• _WORK TO COMPLETE_
Your copy of the entries below should hold exactly the lines from the one containing "Winterfahrt zum Tegernsee.jpg" to the one containing "Chapter 80 - Image 20", inclusive, and no pictures.

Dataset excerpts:
╔══

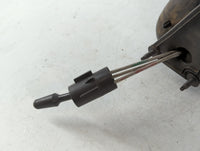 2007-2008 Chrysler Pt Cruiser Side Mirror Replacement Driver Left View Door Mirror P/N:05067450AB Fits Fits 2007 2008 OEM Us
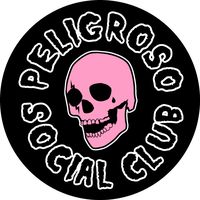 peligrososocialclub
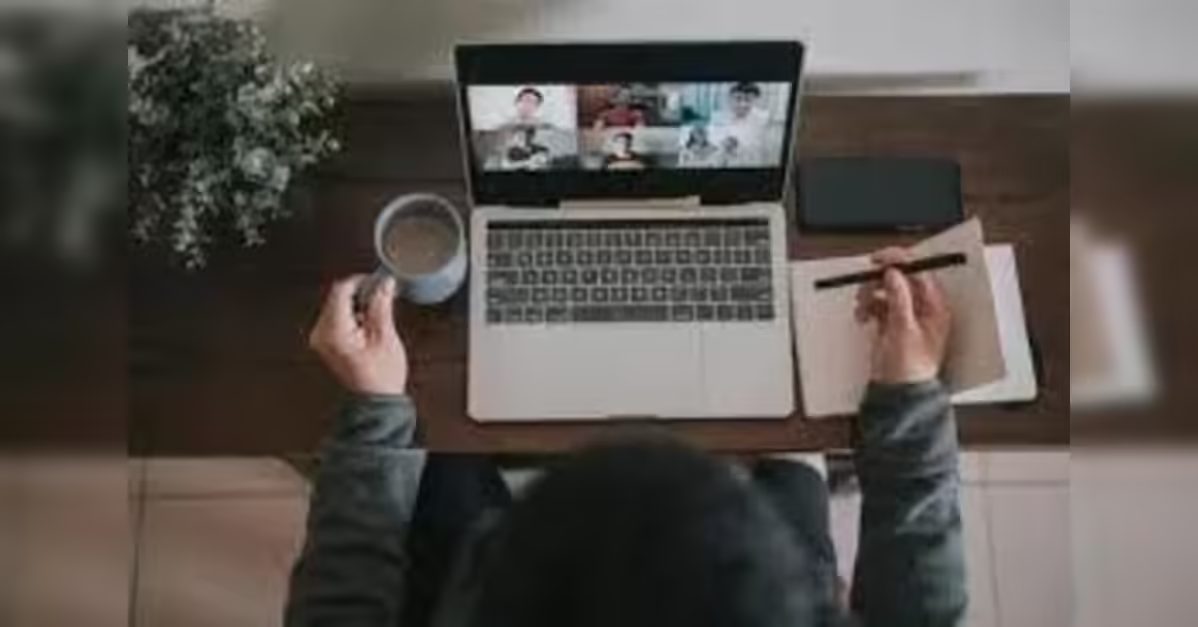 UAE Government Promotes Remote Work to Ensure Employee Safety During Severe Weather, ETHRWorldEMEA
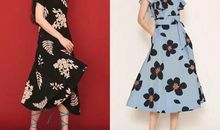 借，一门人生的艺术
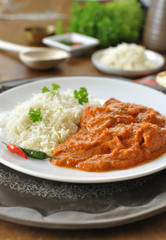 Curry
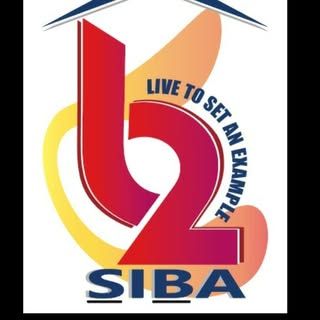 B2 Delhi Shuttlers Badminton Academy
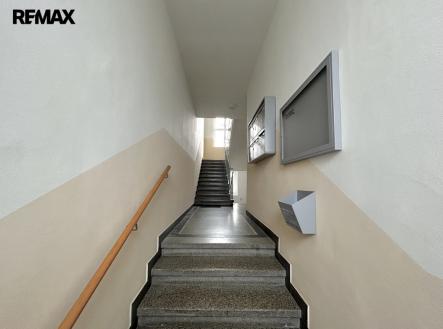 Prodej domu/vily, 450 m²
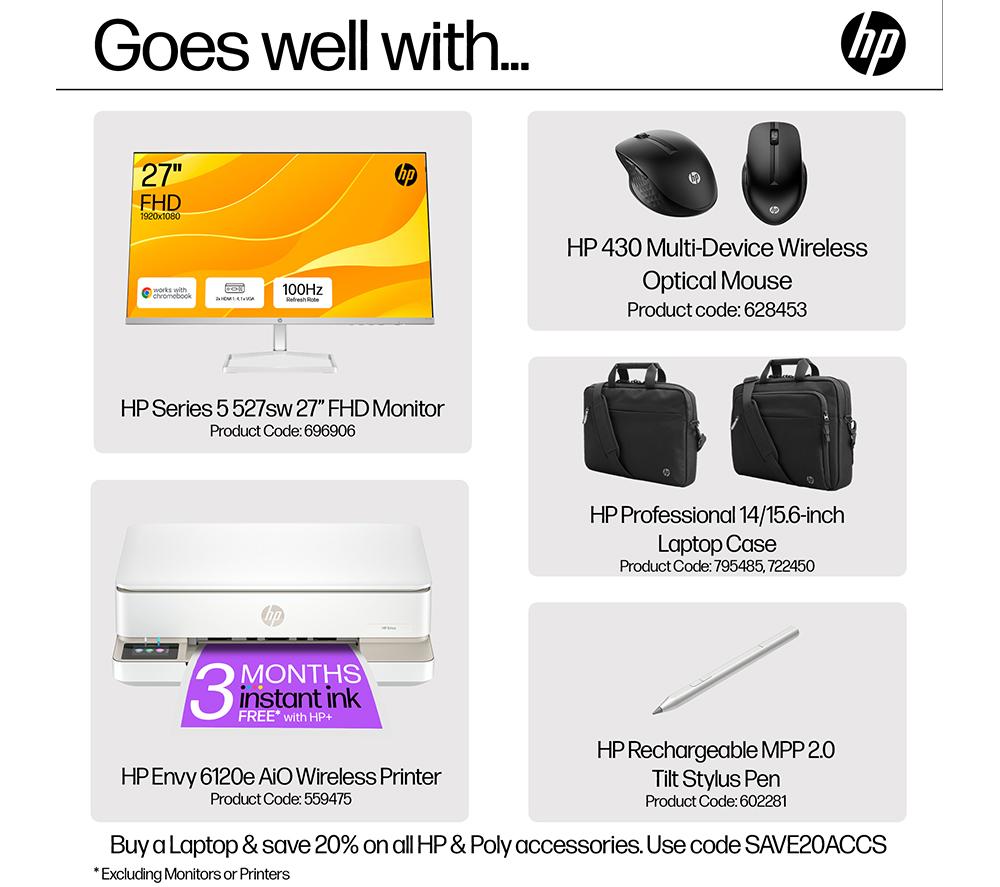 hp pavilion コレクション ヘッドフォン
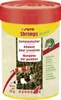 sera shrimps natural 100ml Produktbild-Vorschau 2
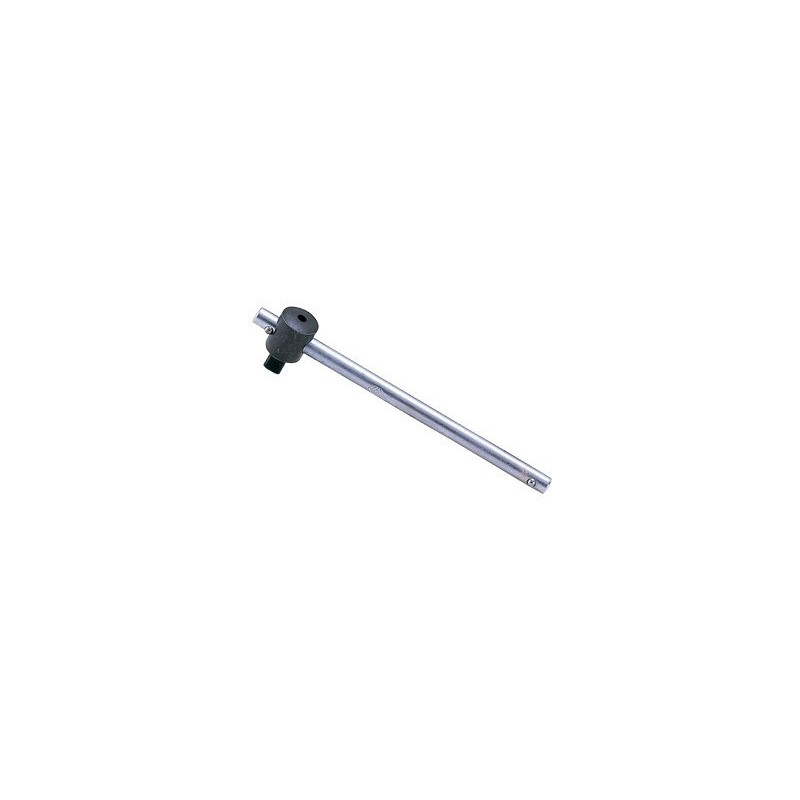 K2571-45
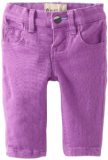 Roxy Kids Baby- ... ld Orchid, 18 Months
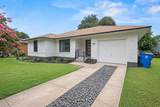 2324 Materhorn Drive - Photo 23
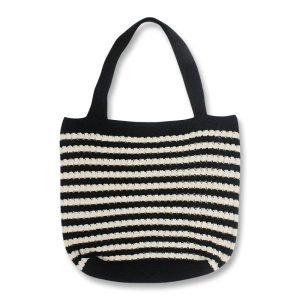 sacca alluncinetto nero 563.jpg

╚══
╔══

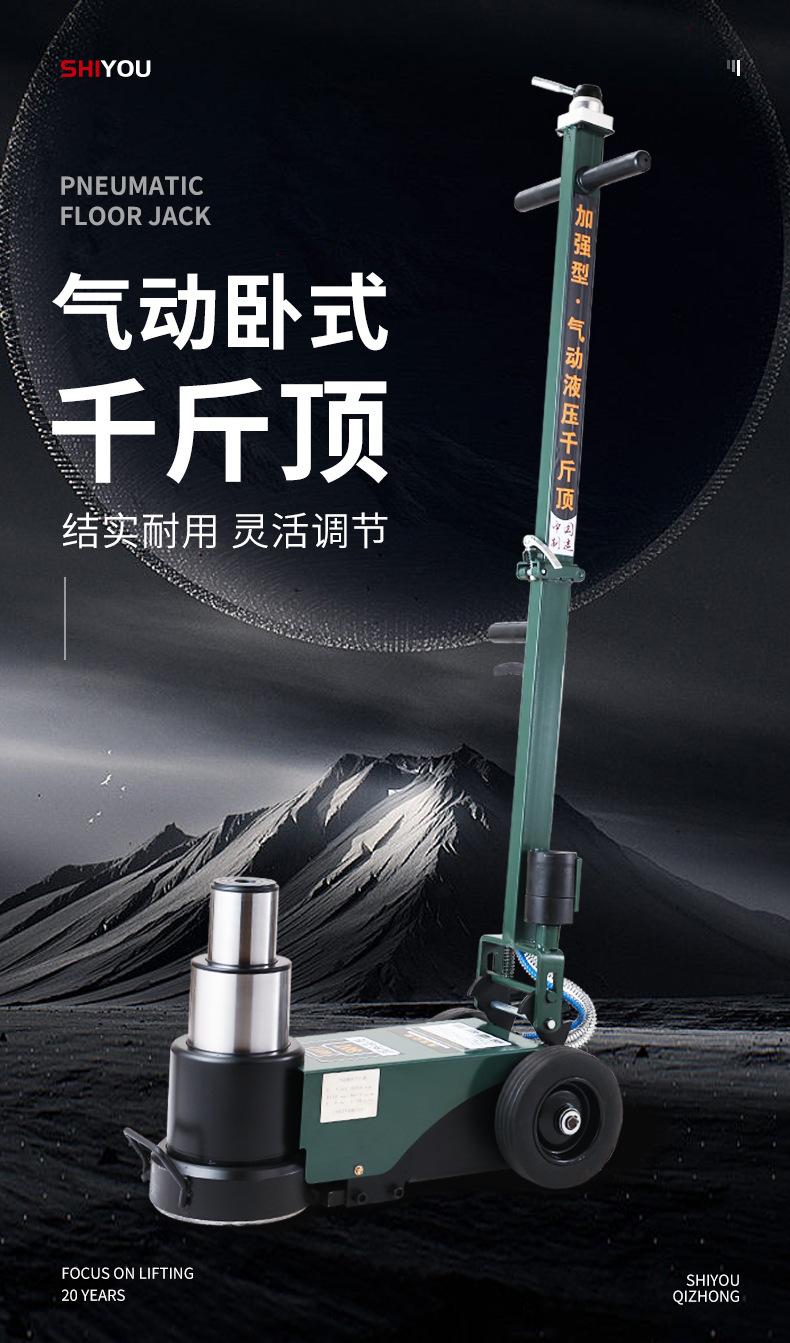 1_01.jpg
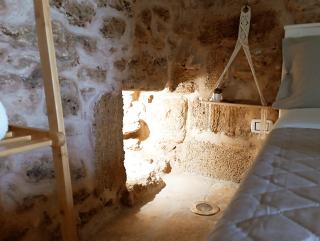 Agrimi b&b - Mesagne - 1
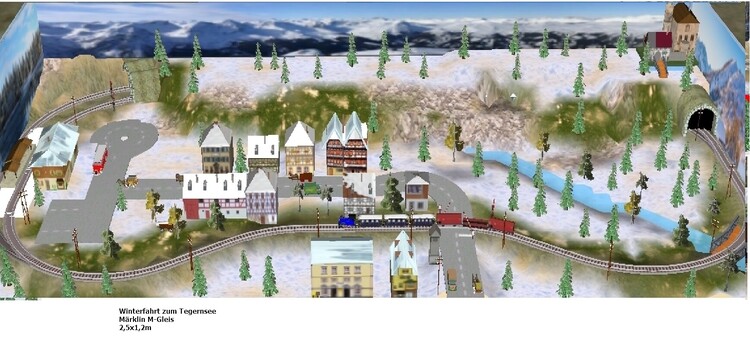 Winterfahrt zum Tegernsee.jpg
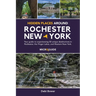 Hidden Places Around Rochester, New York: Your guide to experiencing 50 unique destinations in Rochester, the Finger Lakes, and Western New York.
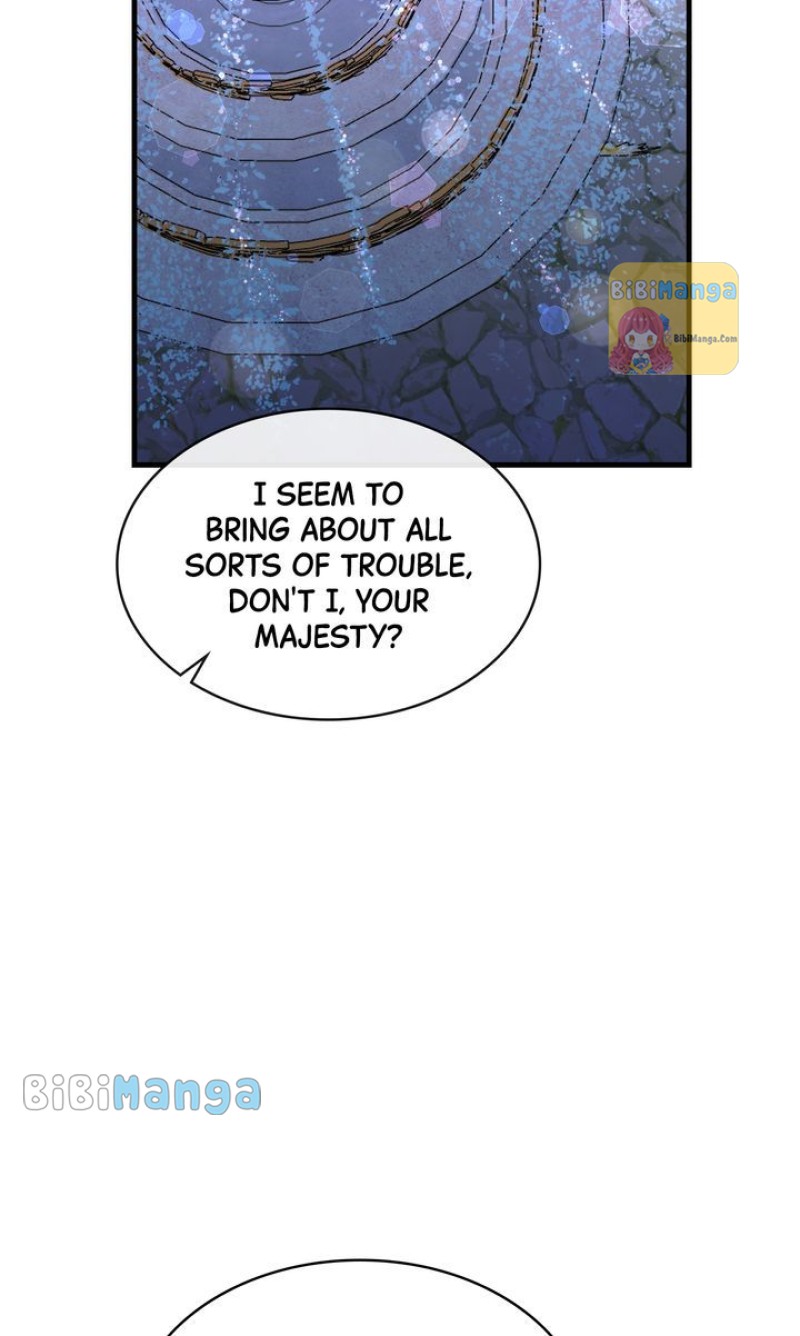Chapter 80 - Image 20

╚══
╔══

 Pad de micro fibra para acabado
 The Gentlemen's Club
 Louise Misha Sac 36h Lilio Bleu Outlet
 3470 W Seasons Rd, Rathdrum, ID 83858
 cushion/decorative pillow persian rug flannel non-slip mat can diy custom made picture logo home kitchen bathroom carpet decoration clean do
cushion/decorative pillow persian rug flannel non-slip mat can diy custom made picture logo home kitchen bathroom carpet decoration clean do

╚══

• _REPLY_
 Winterfahrt zum Tegernsee.jpg
 Hidden Places Around Rochester, New York: Your guide to experiencing 50 unique destinations in Rochester, the Finger Lakes, and Western New York.
Chapter 80 - Image 20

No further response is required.